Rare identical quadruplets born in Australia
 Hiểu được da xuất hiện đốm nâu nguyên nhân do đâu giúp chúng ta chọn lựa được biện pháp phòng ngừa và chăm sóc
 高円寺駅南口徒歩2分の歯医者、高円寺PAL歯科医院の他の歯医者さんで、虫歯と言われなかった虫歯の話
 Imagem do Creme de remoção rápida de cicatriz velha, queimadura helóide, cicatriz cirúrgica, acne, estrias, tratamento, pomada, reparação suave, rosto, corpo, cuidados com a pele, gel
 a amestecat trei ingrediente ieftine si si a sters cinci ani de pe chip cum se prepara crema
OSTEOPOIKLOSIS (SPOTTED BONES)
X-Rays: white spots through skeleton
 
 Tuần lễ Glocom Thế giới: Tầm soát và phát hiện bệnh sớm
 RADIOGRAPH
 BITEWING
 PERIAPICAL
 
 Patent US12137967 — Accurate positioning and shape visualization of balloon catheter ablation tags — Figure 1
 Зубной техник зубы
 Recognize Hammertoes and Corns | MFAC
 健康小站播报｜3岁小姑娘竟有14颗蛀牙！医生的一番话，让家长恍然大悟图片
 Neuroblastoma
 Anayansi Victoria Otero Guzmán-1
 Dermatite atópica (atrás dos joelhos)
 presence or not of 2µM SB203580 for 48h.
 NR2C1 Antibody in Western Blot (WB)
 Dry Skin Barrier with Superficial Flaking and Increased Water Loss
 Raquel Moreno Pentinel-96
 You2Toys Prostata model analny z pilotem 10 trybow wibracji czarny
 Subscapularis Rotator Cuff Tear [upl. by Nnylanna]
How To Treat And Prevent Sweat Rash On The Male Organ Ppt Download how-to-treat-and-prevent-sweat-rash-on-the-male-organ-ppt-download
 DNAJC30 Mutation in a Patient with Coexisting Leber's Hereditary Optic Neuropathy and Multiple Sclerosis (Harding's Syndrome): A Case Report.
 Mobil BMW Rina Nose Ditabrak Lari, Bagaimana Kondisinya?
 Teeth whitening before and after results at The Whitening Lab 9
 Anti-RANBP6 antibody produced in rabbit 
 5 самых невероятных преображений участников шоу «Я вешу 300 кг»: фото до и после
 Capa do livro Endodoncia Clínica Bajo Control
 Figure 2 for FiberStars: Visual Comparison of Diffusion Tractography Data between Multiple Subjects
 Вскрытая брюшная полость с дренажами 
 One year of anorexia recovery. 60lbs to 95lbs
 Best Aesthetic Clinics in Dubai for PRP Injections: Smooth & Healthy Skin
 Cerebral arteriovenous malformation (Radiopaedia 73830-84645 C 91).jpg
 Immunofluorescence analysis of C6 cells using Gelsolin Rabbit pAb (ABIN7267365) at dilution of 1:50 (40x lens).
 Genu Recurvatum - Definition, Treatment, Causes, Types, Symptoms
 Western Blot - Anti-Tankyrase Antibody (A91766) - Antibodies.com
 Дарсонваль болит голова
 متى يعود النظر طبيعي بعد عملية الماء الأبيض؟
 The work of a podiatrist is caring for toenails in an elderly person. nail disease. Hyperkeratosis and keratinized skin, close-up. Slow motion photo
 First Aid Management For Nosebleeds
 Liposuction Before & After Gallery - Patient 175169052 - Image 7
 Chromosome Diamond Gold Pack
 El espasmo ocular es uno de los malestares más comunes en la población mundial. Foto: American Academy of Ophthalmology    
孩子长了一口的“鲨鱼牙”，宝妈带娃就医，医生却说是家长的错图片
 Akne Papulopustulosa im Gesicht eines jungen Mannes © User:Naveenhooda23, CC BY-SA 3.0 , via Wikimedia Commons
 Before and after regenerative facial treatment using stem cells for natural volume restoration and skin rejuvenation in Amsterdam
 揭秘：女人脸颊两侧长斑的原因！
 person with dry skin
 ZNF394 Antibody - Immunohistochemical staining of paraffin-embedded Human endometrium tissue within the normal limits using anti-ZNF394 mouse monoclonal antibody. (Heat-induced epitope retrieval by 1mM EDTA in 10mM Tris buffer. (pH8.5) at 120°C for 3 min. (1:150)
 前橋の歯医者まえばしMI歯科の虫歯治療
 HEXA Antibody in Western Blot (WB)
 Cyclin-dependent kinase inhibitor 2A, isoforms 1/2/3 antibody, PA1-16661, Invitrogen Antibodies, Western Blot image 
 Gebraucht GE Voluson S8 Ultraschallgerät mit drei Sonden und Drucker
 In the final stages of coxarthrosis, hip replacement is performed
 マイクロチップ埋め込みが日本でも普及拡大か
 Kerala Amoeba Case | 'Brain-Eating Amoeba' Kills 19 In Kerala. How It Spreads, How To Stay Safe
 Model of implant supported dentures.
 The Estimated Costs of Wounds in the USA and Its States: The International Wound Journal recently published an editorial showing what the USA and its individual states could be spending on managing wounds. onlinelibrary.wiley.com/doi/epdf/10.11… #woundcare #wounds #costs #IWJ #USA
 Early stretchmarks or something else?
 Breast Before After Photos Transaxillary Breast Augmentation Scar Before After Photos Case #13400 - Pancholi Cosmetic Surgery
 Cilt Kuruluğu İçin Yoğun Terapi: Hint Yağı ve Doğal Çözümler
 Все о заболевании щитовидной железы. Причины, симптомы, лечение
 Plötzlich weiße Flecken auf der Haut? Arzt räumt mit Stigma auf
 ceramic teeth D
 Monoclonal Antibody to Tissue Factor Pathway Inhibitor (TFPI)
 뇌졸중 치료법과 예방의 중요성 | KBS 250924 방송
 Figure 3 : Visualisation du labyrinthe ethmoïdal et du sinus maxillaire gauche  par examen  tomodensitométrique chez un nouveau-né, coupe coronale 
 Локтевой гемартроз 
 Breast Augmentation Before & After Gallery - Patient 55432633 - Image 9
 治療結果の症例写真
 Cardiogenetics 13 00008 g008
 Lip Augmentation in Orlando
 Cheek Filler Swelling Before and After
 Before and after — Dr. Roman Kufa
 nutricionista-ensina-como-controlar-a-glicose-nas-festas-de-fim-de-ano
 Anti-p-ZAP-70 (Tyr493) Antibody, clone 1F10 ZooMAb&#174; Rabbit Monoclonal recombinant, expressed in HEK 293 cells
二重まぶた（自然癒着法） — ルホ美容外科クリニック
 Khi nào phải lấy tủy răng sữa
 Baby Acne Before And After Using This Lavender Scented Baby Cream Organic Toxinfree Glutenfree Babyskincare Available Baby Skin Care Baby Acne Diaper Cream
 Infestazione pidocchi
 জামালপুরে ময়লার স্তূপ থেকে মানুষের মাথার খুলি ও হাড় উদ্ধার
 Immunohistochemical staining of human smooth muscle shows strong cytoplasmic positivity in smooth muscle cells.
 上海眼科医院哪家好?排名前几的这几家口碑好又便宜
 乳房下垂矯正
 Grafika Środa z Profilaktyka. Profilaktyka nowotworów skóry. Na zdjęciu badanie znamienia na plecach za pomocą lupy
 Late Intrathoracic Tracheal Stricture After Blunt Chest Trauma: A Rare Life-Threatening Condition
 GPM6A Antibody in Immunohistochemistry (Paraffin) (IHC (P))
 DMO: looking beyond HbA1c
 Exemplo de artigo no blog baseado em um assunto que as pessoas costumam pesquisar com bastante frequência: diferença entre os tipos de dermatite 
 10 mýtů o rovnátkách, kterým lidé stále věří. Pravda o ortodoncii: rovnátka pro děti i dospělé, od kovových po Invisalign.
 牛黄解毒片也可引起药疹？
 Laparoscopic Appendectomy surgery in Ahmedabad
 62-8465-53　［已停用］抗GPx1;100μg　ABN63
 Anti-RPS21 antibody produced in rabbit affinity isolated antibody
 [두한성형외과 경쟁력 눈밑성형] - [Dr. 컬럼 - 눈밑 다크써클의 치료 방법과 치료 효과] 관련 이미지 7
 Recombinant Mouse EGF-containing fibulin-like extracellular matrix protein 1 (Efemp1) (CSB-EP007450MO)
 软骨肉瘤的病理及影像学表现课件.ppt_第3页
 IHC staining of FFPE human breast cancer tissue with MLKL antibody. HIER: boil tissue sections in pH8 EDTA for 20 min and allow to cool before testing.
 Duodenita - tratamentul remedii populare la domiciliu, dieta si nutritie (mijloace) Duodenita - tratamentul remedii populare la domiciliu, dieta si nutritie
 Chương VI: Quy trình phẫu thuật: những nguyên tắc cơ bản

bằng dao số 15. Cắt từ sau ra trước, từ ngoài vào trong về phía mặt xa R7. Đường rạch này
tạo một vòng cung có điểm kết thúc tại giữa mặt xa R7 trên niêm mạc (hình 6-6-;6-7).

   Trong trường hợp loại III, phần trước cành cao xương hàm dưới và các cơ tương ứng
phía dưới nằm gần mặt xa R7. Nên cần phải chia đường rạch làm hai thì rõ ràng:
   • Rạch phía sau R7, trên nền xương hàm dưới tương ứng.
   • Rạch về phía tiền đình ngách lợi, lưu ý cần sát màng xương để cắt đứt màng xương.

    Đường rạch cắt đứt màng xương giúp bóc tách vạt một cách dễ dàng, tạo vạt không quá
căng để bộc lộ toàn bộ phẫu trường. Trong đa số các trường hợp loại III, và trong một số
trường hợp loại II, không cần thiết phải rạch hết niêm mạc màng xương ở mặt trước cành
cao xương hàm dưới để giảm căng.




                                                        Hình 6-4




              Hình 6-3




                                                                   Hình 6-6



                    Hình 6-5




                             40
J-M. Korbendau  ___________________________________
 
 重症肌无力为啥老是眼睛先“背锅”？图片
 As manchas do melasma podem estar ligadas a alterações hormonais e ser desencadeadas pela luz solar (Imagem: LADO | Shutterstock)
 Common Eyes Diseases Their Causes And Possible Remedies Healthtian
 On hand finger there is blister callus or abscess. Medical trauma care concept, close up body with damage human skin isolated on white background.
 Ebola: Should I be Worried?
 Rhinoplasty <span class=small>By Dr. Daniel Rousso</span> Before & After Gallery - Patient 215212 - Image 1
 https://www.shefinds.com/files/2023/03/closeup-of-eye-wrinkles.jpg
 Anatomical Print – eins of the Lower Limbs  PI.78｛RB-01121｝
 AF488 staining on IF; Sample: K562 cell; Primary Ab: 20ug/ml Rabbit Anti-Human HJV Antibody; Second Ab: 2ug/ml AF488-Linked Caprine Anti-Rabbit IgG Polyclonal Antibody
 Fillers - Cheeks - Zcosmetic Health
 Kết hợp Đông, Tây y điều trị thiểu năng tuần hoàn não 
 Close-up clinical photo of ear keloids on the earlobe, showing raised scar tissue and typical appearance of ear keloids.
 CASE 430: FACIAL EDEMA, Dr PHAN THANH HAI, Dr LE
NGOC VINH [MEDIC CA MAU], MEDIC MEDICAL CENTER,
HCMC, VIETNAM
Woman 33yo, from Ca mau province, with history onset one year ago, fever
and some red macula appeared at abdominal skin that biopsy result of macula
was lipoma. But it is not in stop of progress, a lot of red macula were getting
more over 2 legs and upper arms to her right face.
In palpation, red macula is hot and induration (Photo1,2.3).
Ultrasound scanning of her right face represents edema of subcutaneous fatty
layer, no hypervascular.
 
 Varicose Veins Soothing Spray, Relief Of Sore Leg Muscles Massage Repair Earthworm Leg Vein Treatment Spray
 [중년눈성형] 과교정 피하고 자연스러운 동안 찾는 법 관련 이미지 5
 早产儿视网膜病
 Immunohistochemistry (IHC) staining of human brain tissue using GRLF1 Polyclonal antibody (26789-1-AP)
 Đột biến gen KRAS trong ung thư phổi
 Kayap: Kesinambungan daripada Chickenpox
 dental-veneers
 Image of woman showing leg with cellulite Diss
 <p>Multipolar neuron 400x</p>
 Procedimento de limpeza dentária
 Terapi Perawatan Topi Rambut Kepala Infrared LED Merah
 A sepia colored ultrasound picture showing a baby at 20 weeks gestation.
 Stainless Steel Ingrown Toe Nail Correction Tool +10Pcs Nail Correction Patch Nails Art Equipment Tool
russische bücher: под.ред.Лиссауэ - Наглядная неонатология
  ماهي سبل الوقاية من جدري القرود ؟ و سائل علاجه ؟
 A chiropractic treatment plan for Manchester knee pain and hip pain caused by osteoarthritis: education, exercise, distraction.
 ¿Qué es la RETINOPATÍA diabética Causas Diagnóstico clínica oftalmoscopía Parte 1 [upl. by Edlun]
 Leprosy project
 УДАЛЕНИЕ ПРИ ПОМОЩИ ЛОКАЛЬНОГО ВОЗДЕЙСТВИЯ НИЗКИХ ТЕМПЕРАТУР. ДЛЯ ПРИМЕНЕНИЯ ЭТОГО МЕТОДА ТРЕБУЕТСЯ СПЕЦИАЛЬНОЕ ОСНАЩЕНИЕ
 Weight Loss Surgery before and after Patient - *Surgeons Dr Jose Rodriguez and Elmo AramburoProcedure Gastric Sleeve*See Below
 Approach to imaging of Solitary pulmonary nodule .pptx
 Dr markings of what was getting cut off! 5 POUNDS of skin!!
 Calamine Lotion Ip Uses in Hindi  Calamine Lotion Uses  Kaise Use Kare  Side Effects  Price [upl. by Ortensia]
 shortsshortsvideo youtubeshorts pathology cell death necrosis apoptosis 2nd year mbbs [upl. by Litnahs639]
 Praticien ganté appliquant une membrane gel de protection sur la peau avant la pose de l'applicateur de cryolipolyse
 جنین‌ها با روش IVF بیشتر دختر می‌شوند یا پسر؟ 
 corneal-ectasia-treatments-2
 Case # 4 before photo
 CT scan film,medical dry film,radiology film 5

> _Goal of the exercise_:
Retype the records above, but only those lines that fall between the line containing "Recombinant Mouse EGF-containing" and the line containing "IHC staining of", with both of those lines included, exactly as written.

> _Reply_:
 Recombinant Mouse EGF-containing fibulin-like extracellular matrix protein 1 (Efemp1) (CSB-EP007450MO)
 软骨肉瘤的病理及影像学表现课件.ppt_第3页
 IHC staining of FFPE human breast cancer tissue with MLKL antibody. HIER: boil tissue sections in pH8 EDTA for 20 min and allow to cool before testing.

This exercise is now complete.